Down to the last line, transcribe the records verbatim and exclude the images.
BEGIN Information shown
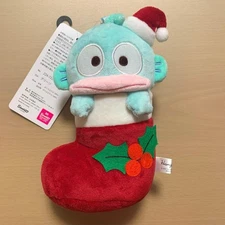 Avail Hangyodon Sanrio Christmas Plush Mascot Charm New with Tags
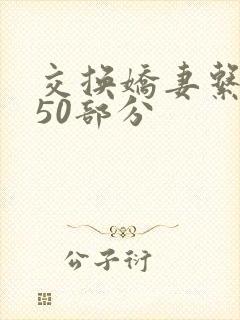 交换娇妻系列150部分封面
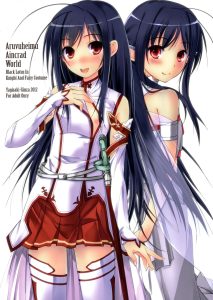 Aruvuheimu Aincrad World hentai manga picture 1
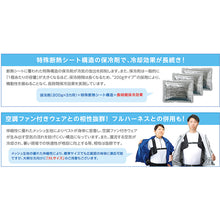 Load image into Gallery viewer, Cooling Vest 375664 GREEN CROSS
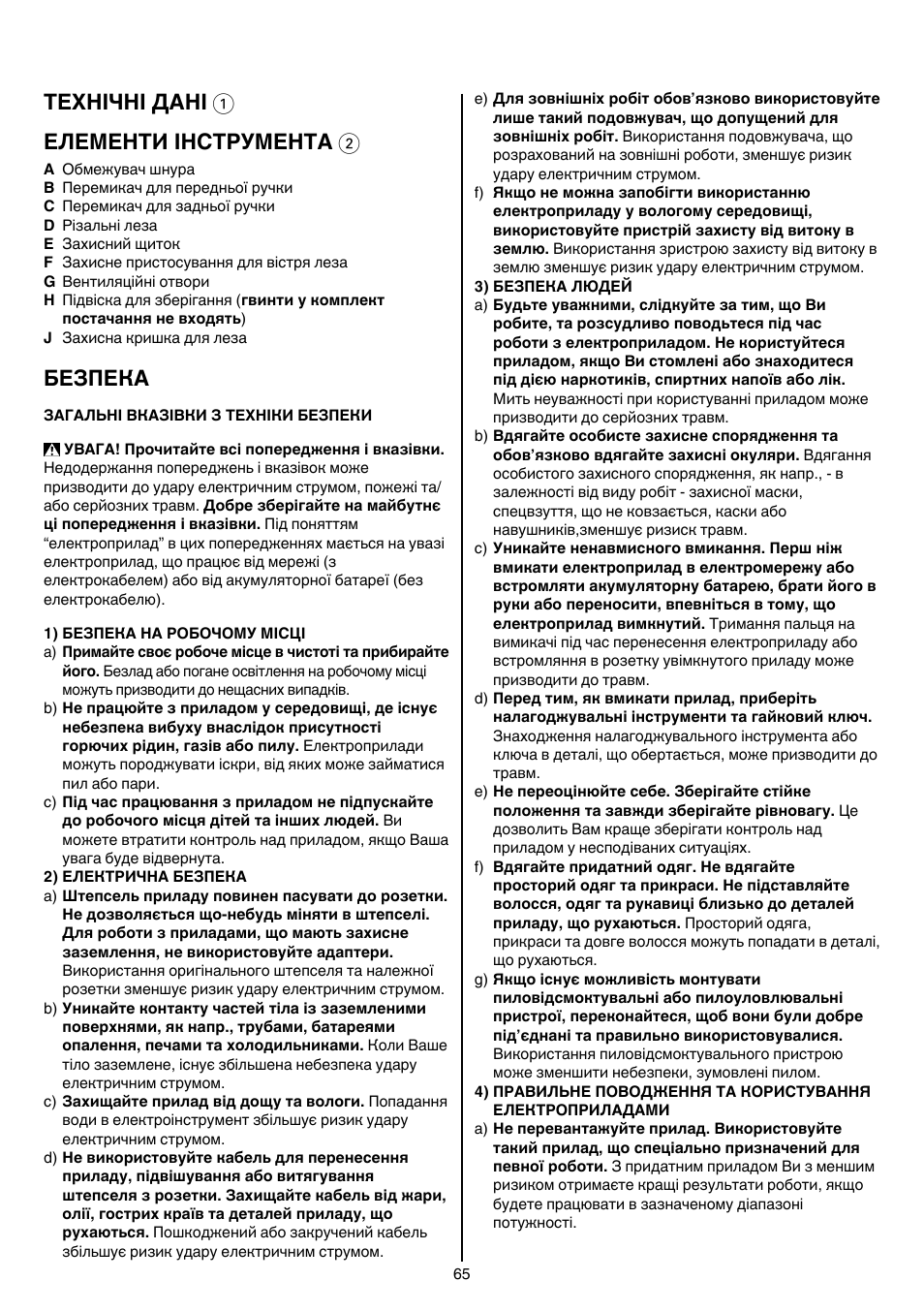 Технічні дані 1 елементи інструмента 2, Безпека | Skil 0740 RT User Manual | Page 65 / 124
END Information shown
◆ Task response
 Avail Hangyodon Sanrio Christmas Plush Mascot Charm New with Tags
 交换娇妻系列150部分封面
 Aruvuheimu Aincrad World hentai manga picture 1
 Load image into Gallery viewer, Cooling Vest 375664 GREEN CROSS
 Технічні дані 1 елементи інструмента 2, Безпека | Skil 0740 RT User Manual | Page 65 / 124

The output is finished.